Positive prediction value Positive prediction value (PPV) is defined as the
proportion of the actual positive cases among the total predicted positive cases.
In the study, PPV of BRIDGE is evaluated by calculating the proportion of the
'actual survival' subjects among the total 'predicted survival' subjects. The 95%
confidence intervals (95%CI) of PPV are generated by bootstrapping strategy in 1000
sampling times.
Negative prediction value Negative prediction value (NPV) is defined as the
proportion of the actual negative cases among the total predicted negative cases.
In the study, NPV of BRIDGE is evaluated by calculating the proportion of the
'actual non-survival' subjects among the total 'predicted non-survival' subjects.
The 95% confidence intervals (95%CI) of NPV are generated by bootstrapping strategy
in 1000 sampling times.
Secondary Comparative Endpoints Delong's test Delong's test is a nonparametric test
for comparing AUC of two or more correlated ROC curves.
The AUC of BRIDGE will be compared to the AUCs of other two predictors respectively
by Delong's test. A two-sided p-value of less than 0.05 was considered significant.
Student's T test Student's T test is an inferential statistic used to determine if
there is a significant difference between the means of two datasets which follow
normal distributions and homogeneity variance.
The mean AUC of BRIDGE will be compared to the mean AUCs of other three predictors
respectively by Student's T test. A two-sided p-value of less than 0.05 was
considered significant.
7.5 Statistical Methods for Baseline Characteristics and Demographics The
comparability of the two groups with distinct pathological response (survival versus
non-survival) for each relevant baseline characteristics will be assessed by the use
of tables and/or graphs. The number and percentage of subjects in subgroups will be
displayed. Demographic variables (such as age and gender) and baseline
characteristics (such as clinical stage) will be summarized either by descriptive
statistics or categorical tables. Student's t-test or Wilcoxon signed-rank test will
be performed to compare continuous variables, while χ2 test or Fisher's exact test
for categorical variables.
7.6 Sample Size and Power Calculations The study will consecutively enroll
approximately 213 subjects. For AUC (H1), the study has ~85% power to detect an AUC
of 0.80 in BRIDGE at alpha = 0.05 (two-sided) with 213 subjects.

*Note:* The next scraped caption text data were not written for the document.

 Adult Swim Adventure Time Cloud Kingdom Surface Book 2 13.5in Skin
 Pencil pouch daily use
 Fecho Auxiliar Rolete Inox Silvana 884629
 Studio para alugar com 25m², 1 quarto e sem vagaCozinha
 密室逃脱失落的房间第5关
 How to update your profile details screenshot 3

The sample size and power calculations were performed in the software PASS 15. 8.0
CONFIDENTIALITY AND DATA SHARING PLAN 8.1 Confidentiality of Data Data generated in
the trials will be considered confidential by the investigators, except to the
extent that it is included in a publication. During the trial, the subject will be
identified by unique tracking number.
8.2 Data Sharing Plan The subject data (deidentified participant information and
origin images of PET/CT and pathological slides) and the full study protocol will be
made available to the scientific community, immediately on publication, with as few
restrictions as possible. All requests should be submitted to the investigators for
consideration. A data use agreement will be required before the release of subject
data and institutional review board approval as appropriate.
9.0 SPONSORS AND COLLABORATORS 9.1 Sponsors The trial is sponsored by the First
Affiliated Hospital of Zhengzhou University.
9.2 Responsible Party/Investigator. The Study Protocol is completed and reviewed by all the authors. Principal
Investigators are responsible for the study protocol. The central contact
information is as following:
Yujie Bai, PhD Telephone: 0371-18801221165 Email:
[email protected] 9.3 Role of
Funding The funding of study is supported by National Natural Science Foundation of
China under Grant No.81872188, No.81902867, No.82001986, and No.81903152. The
funders have no role in the study design, data collection, data analysis, data
interpretation, writing of the report, or the decision to submit the report for
publication.
9.4 Ethics Committee This study is approved by the ethics committee of the First
Affiliated Hospital of Zhengzhou University.